_Required work_: Copy every line of the listing exactly.

_Data listing_:

****************

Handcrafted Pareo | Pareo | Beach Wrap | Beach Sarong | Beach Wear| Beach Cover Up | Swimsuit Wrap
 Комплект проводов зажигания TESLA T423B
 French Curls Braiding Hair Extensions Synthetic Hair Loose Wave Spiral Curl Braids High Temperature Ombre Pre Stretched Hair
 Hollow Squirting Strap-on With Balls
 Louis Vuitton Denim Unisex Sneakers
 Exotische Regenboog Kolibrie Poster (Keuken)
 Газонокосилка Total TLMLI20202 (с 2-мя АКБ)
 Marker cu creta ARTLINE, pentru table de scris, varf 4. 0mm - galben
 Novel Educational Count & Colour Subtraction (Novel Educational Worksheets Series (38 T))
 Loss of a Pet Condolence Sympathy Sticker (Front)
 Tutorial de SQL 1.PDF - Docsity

****************

_Task answer_:
Handcrafted Pareo | Pareo | Beach Wrap | Beach Sarong | Beach Wear| Beach Cover Up | Swimsuit Wrap
 Комплект проводов зажигания TESLA T423B
 French Curls Braiding Hair Extensions Synthetic Hair Loose Wave Spiral Curl Braids High Temperature Ombre Pre Stretched Hair
 Hollow Squirting Strap-on With Balls
 Louis Vuitton Denim Unisex Sneakers
 Exotische Regenboog Kolibrie Poster (Keuken)
 Газонокосилка Total TLMLI20202 (с 2-мя АКБ)
 Marker cu creta ARTLINE, pentru table de scris, varf 4. 0mm - galben
 Novel Educational Count & Colour Subtraction (Novel Educational Worksheets Series (38 T))
 Loss of a Pet Condolence Sympathy Sticker (Front)
 Tutorial de SQL 1.PDF - Docsity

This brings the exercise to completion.